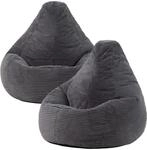 Icon Dalton Sitzsack Cord, Dunkelgrau, 2er-Pack, Gaming Sitzsack Erwachsene mit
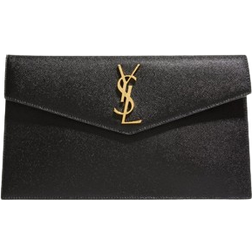 Saint Laurent Uptown Calfskin Leather Envelope Clutch - Noir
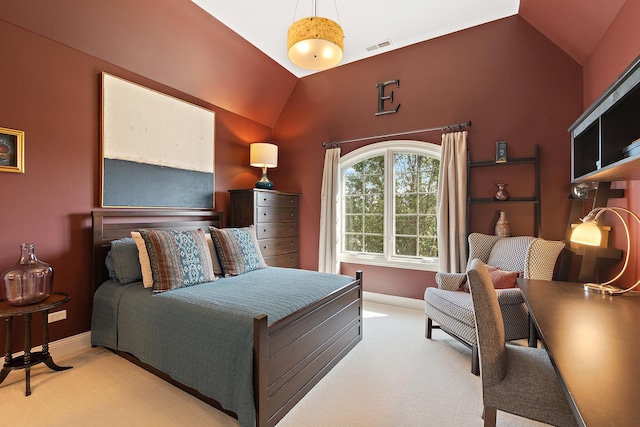 carpeted bedroom featuring visible vents, baseboards, and lofted ceiling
--
◆ Problem requirements
In full and without change, repeat the material above, minus the pictures.

◆ The completed task
 Icon Dalton Sitzsack Cord, Dunkelgrau, 2er-Pack, Gaming Sitzsack Erwachsene mit
 Saint Laurent Uptown Calfskin Leather Envelope Clutch - Noir
 carpeted bedroom featuring visible vents, baseboards, and lofted ceiling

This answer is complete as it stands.